• [STUDY MATERIAL]
Segment Open
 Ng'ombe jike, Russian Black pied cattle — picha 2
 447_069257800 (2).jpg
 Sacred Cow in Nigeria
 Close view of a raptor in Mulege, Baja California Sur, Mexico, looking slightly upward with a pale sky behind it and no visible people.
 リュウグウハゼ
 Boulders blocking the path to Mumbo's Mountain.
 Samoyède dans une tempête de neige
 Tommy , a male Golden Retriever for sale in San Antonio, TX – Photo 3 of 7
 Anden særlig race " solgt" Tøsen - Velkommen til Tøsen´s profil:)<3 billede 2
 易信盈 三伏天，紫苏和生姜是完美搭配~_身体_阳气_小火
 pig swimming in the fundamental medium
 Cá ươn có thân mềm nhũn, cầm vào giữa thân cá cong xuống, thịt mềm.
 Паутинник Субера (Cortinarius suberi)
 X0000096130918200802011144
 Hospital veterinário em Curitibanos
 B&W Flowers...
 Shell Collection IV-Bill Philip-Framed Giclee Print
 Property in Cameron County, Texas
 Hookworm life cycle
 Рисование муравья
Segment Closed
• [REQUIRED WORK]
Set the listing above down again exactly.

• [PROBLEM SOLUTION]
 Ng'ombe jike, Russian Black pied cattle — picha 2
 447_069257800 (2).jpg
 Sacred Cow in Nigeria
 Close view of a raptor in Mulege, Baja California Sur, Mexico, looking slightly upward with a pale sky behind it and no visible people.
 リュウグウハゼ
 Boulders blocking the path to Mumbo's Mountain.
 Samoyède dans une tempête de neige
 Tommy , a male Golden Retriever for sale in San Antonio, TX – Photo 3 of 7
 Anden særlig race " solgt" Tøsen - Velkommen til Tøsen´s profil:)<3 billede 2
 易信盈 三伏天，紫苏和生姜是完美搭配~_身体_阳气_小火
 pig swimming in the fundamental medium
 Cá ươn có thân mềm nhũn, cầm vào giữa thân cá cong xuống, thịt mềm.
 Паутинник Субера (Cortinarius suberi)
 X0000096130918200802011144
 Hospital veterinário em Curitibanos
 B&W Flowers...
 Shell Collection IV-Bill Philip-Framed Giclee Print
 Property in Cameron County, Texas
 Hookworm life cycle
 Рисование муравья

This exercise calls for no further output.